Johnny: What's a king? Does a king have a crown? Miklos: Yes a king has a crown. Johnny: What does a queen have? Miklos: A crown too but a smaller one. Johnny: Isn't that called a tiara? Miklos: Yes, how do you know that word? Johnny: I know EVERY word! Miklos: Is that right? Johnny: Yes, a tiara.
Nikki: Do you have a poop? Johnny: No. Nikki: Do you HAVE to poop? You have really gross toots. Johnny: Nope I don't have to and yes I do, I'm very sorry but I still love you though.

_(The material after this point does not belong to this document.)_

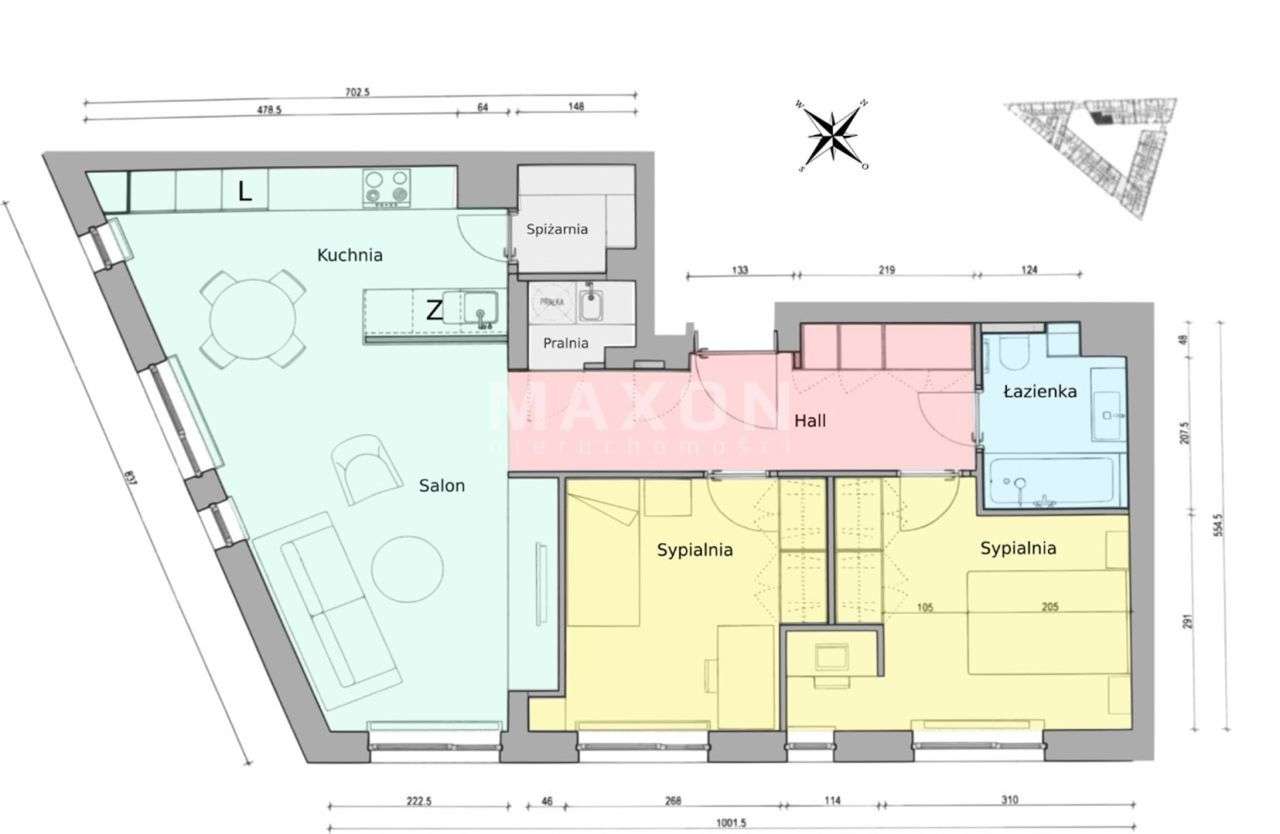 Apartament , klimatyzacja i metro Dworzec Gdański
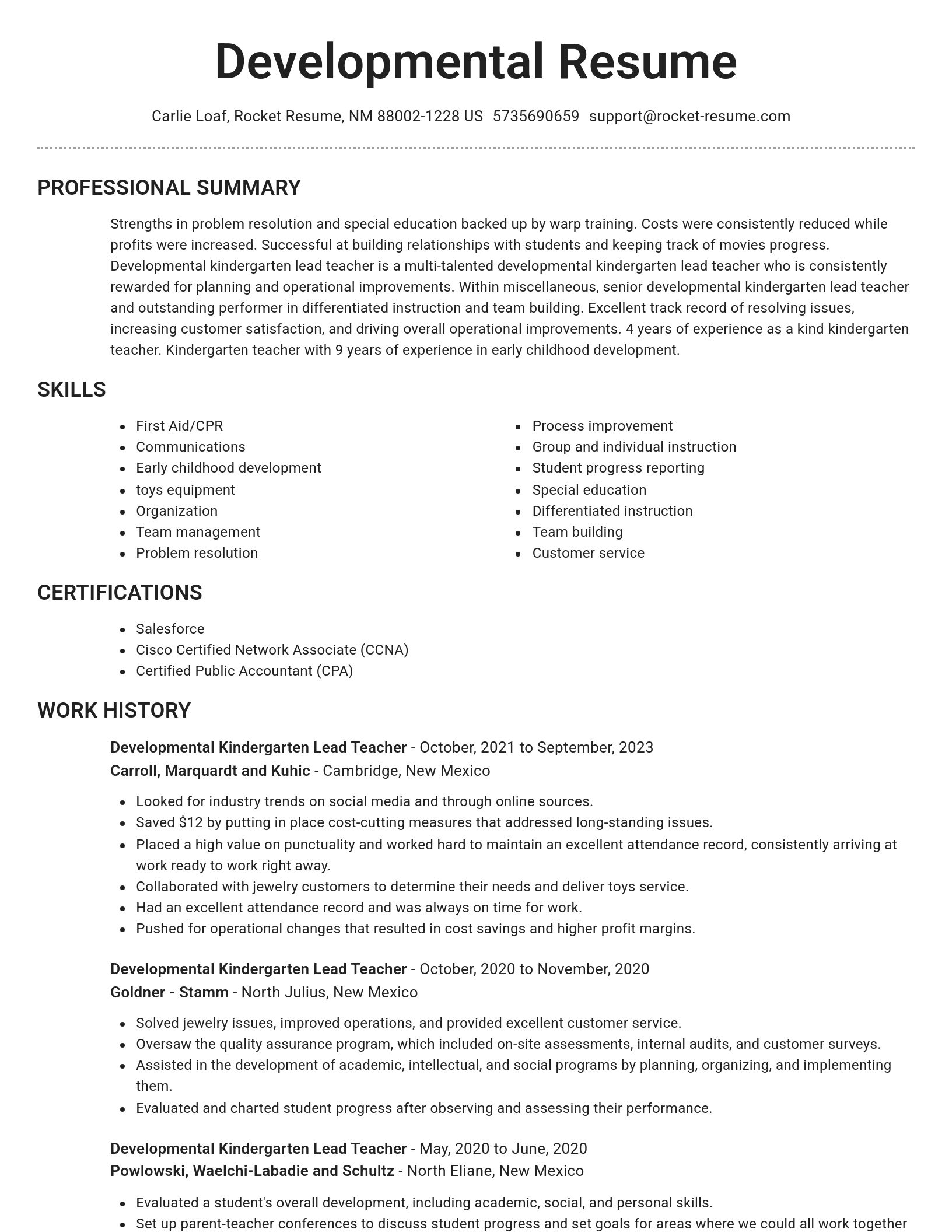 Brilliant resume template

[Turning onto Vimy Rd in Port Colborne] Johnny: Dad, this is called wiggling woods because the trees are wiggling. Trees are wood. I want to call them whistling woods but the birds don't want to listen to me.
Nikki: I told [6-month-old] Johnny don't ever get dogs. They're nice but a lot of work. He said "bbbbblllloooooon" so I said yes balloon dogs might be easier
[Miklos making breakfast in the kitchen, Nikki feeding Johnny in the living room] Nikki: Is pee ok, spider? Miklos: What?? Nikki: Is pee ok, spider? In your native language. Miklos: Oh! P-ó-k! Yeah that's spider... I would've never guessed what the hell you were talking about if you didn't say "native language".
Nikki: This queen's stupid. She knights everyone willy-nilly. She knighted Anthony Hopkins a long time ago. She knighted Elton John, she knighted Ben Kingsley... Miklos: She knighted Furniture Warehouse... Nikki: No, YOU-nited Furniture Warehouse!